> What you need to do
Copy out the entire listing precisely.

> Excerpted records
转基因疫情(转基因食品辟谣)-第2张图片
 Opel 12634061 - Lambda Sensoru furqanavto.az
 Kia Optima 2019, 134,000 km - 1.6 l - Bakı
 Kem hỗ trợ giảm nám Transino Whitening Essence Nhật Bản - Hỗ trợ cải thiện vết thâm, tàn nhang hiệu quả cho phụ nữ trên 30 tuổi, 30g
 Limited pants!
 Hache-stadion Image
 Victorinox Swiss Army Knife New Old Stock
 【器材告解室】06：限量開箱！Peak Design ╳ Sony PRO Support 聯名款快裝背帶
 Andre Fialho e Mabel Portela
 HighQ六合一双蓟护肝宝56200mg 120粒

> Solution to the problem
转基因疫情(转基因食品辟谣)-第2张图片
 Opel 12634061 - Lambda Sensoru furqanavto.az
 Kia Optima 2019, 134,000 km - 1.6 l - Bakı
 Kem hỗ trợ giảm nám Transino Whitening Essence Nhật Bản - Hỗ trợ cải thiện vết thâm, tàn nhang hiệu quả cho phụ nữ trên 30 tuổi, 30g
 Limited pants!
 Hache-stadion Image
 Victorinox Swiss Army Knife New Old Stock
 【器材告解室】06：限量開箱！Peak Design ╳ Sony PRO Support 聯名款快裝背帶
 Andre Fialho e Mabel Portela
 HighQ六合一双蓟护肝宝56200mg 120粒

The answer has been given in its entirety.